【学习笔记】字符串转化为特征

在嵌套的练习中,我们首先要处理下tfrecord格式的文件,关于tfrecord的处理建议看一下这篇文章

我们这里主要讲解一下对于得到的字符串如何转化为特征输入。

先给出这次练习的: 训练集  验证集

我这里创建一个输入字典:

num = {'numbers': ['1', '1', '2', '3', '4', '5', '6'], 'prime': ['2', '3', '5', '7']}

再创立一个词汇表:

lst = ('1', '2')

下一步用词汇表返还字典的结果:

column = tf.feature_column.categorical_column_with_vocabulary_list(key='numbers', vocabulary_list=lst)

indicator = tf.feature_column.indicator_column(column)

tensor = tf.feature_column.input_layer(num, [indicator])

我们打印出结果看看:

with tf.Session() as sess:
    sess.run(tf.tables_initializer())
    print(sess.run(tensor))
[[1. 0.]
 [1. 0.]
 [0. 1.]
 [0. 0.]
 [0. 0.]
 [0. 0.]
 [0. 0.]]

我们这里很明显可以看出,对于num字典只处理了key为numbers的values()

我们这里字典的长度为2, num中numbers的长度为7,返回的结果的shape是(7,2)

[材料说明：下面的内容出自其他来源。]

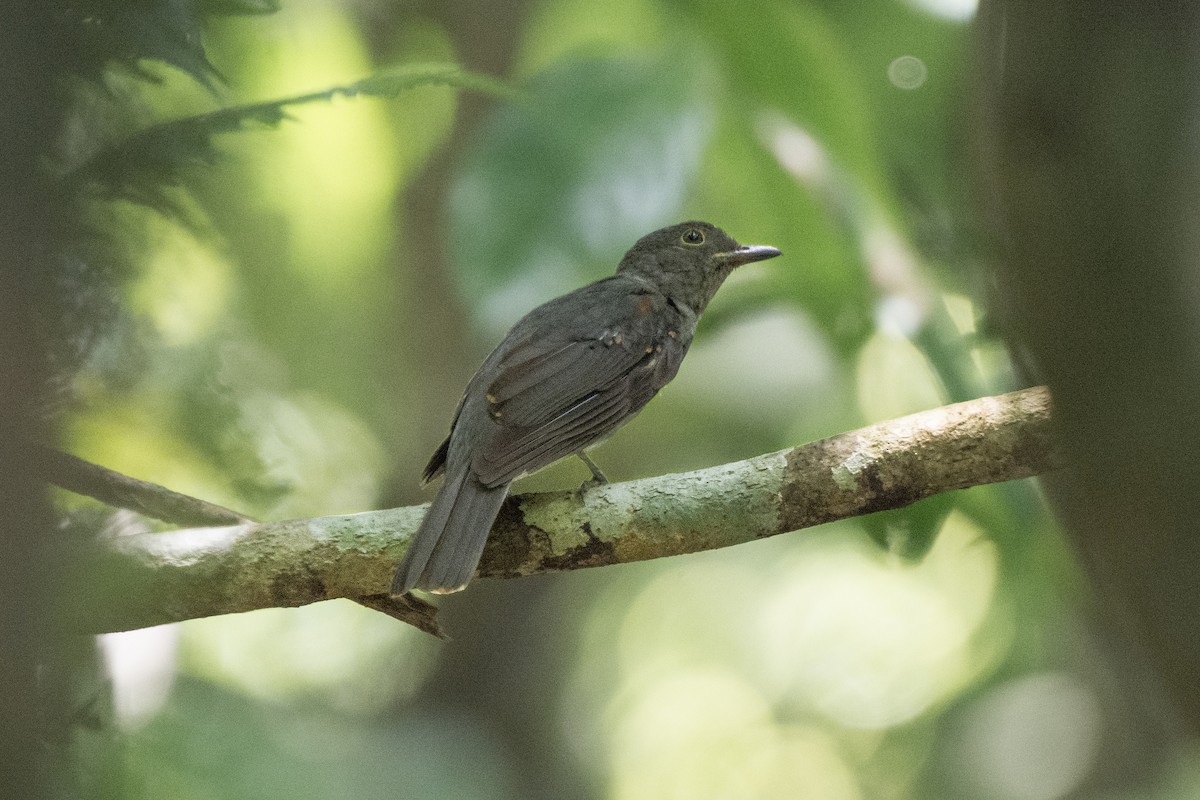 Cinereous Mourner - ML624330044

如果在神经网络中我们输入的字典shape为(None)  这里None表示为不定长。 字典长度为50,那么返回的结果为(None, 50)

很明显这不是我们想要的。

 

这里我们更改一下写法:

num = {'numbers': [['1', '1', '2', '3', '4', '5', '6']], 'prime': ['2', '3', '5', '7']}
[[2. 1.]]

我们再print一下shape:

(1, 2)

这回从独热码变成了频数,这样我们就方便多了。

对于给定的输入端 (batch_size,None)  我们用字典(shape=N) 就可以得到返回shape为(batch_size,N)的结果。这样输入端的shape固定了,我们就可以扔进神经网络处理了。

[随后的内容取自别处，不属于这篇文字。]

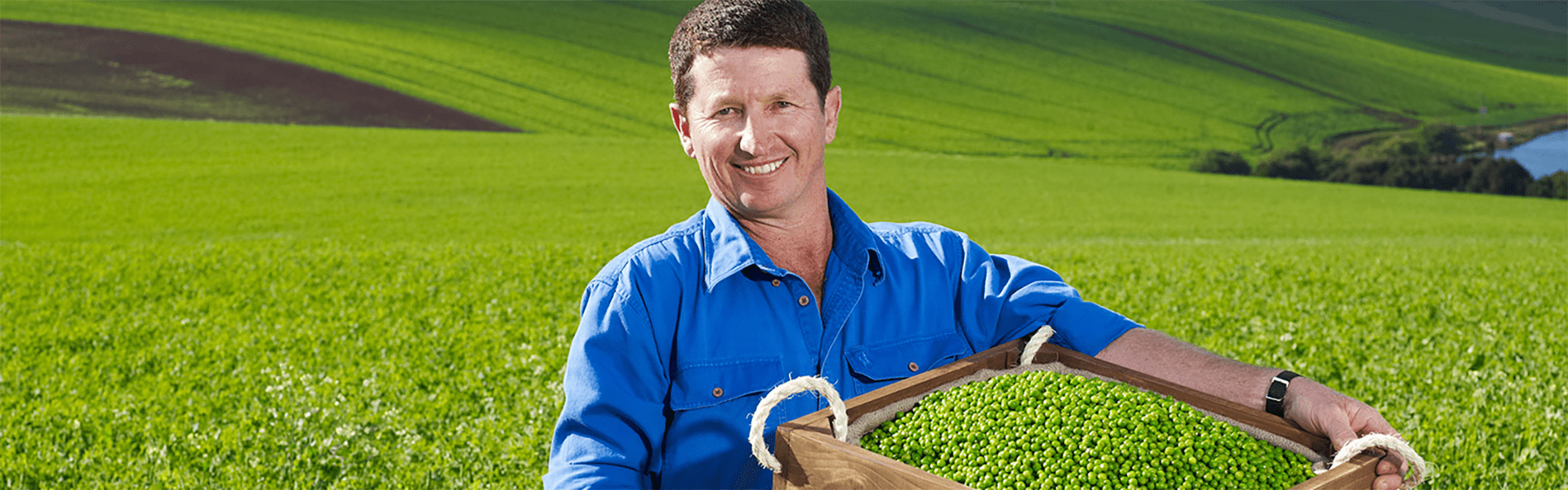Man in field holding a basket of peas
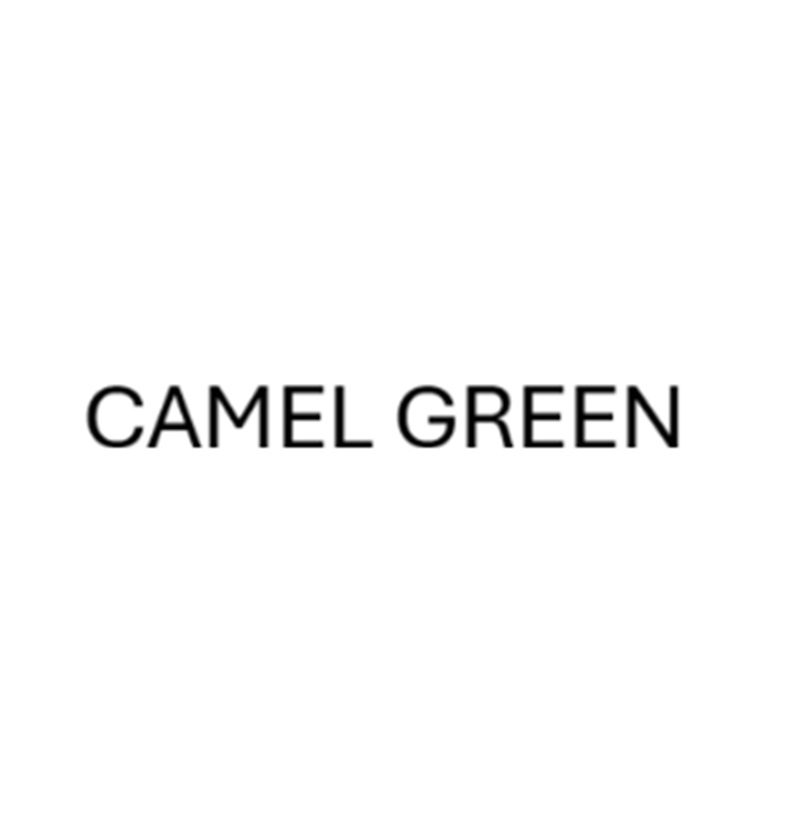 CAMEL GREEN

剩下步骤大家应该就清楚了,直接把特征扔进dnn。我这里给出代码:

import tensorflow as tf


def _parse_function(record):
    """Extracts features and labels.

    Args:
      record: File path to a TFRecord file
    Returns:
      A `tuple` `(labels, features)`:
        features: A dict of tensors representing the features
        labels: A tensor with the corresponding labels.
    """
    features = {
        "terms": tf.VarLenFeature(dtype=tf.string),  # terms are strings of varying lengths
        "labels": tf.FixedLenFeature(shape=[1], dtype=tf.float32)  # labels are 0 or 1
    }

    parsed_features = tf.parse_single_example(record, features)

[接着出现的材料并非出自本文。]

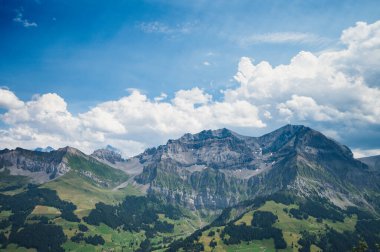 Adelboden, İsviçre - 24 Temmuz 2022 - Adelboden köyü ve şehir merkezi yaz manzarası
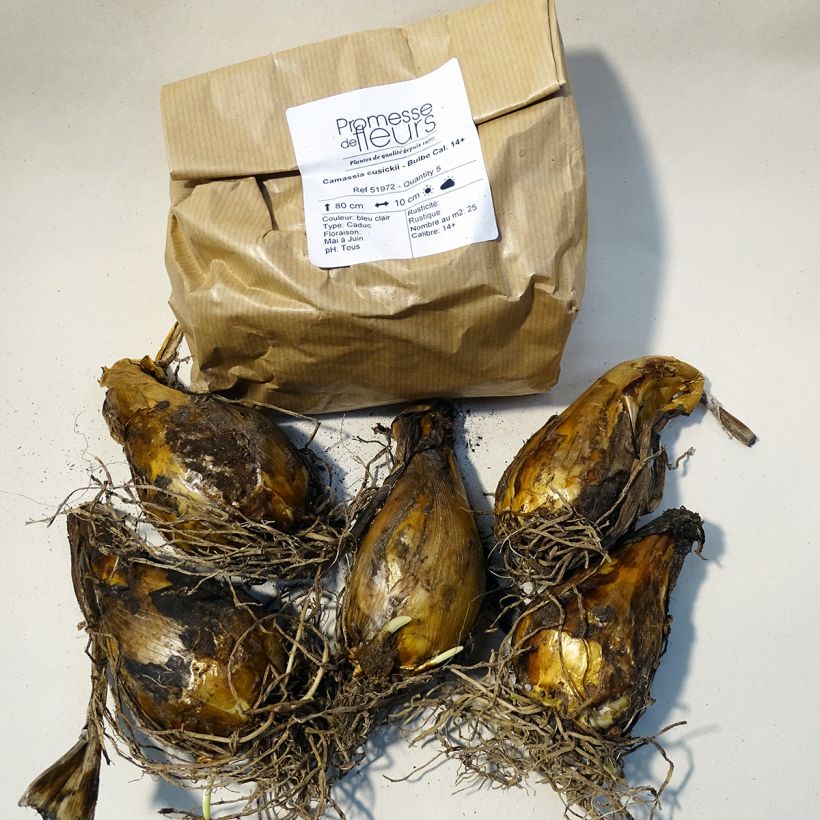 Example of Camassia cusickii Boîte calibre 14+ as you get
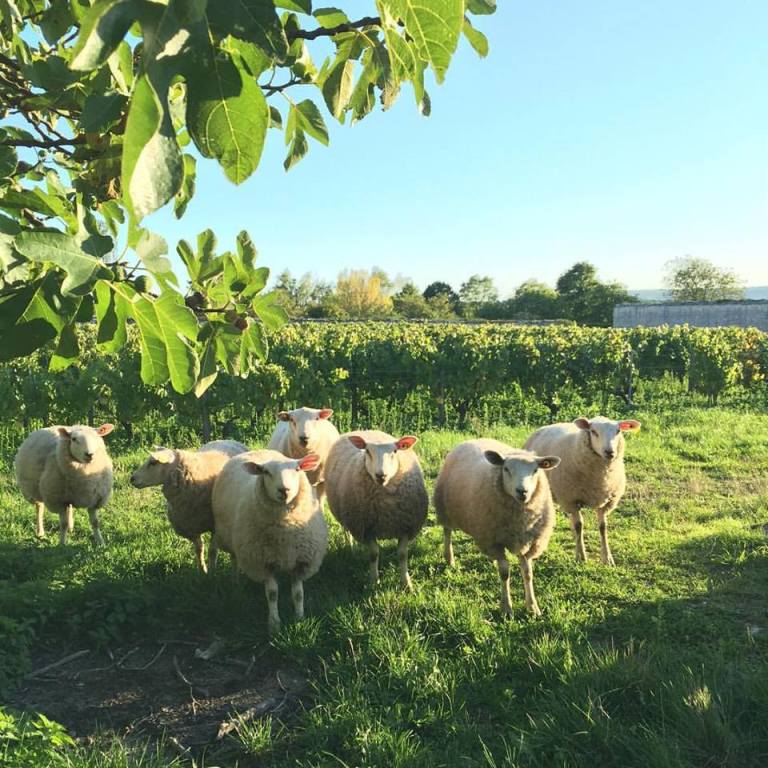 Chateau de Beru - moutons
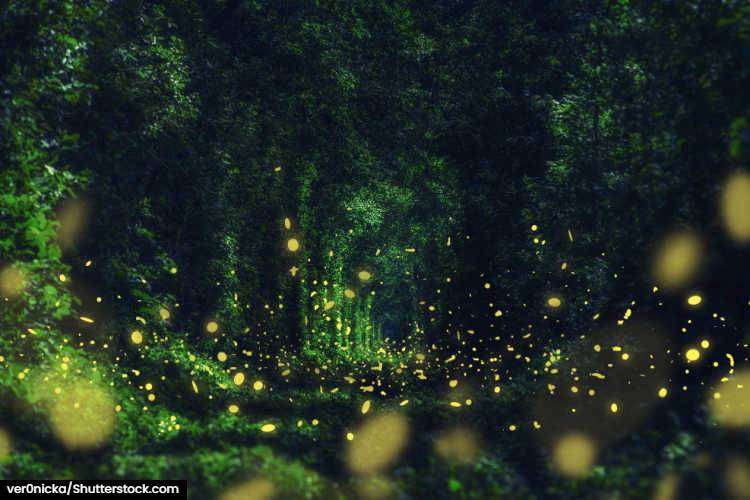 The bright glow of fire flies at night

    terms = parsed_features['terms'].values
    labels = parsed_features['labels']

    return {'terms': terms}, labels


def my_input_fn(input_filenames, num_epochs=None, shuffle=True):
    # Same code as above; create a dataset and map features and labels.
    ds = tf.data.TFRecordDataset(input_filenames)
    ds = ds.map(_parse_function)

    if shuffle:
        ds = ds.shuffle(10000)

    # Our feature data is variable-length, so we pad and batch
    # each field of the dataset structure to whatever size is necessary.
    ds = ds.padded_batch(25, ds.output_shapes)

    ds = ds.repeat(num_epochs)

    # Return the next batch of data.
    features, labels = ds.make_one_shot_iterator().get_next()
    return features, labels

def add_layer(inputs, input_size, output_size, activation_function=None):
    weights = tf.Variable(tf.random_normal([input_size, output_size], stddev=.1))
    biases = tf.Variable(tf.zeros([output_size]) + .1)
    wx_b = tf.matmul(inputs, weights) + biases
    if activation_function is None:
        outputs = wx_b
    else:
        outputs = activation_function(wx_b)
    return weights, biases, outputs


def _loss(pred, ys):
    log_loss = tf.reduce_mean(- ys*tf.log(pred) - (1-ys)*tf.log(1-pred))  # 请自行尝试其他loss
    return log_loss


def train_step(learning_rate, loss):
    train_step = tf.train.AdamOptimizer(learning_rate).minimize(loss, global_step=global_step)  # 动态lr
    return train_step


train_path = my_input_fn('./nlp/train.tfrecord')    # shape [25, None]
test_path = my_input_fn('./nlp/test.tfrecord')      # shape [25, None]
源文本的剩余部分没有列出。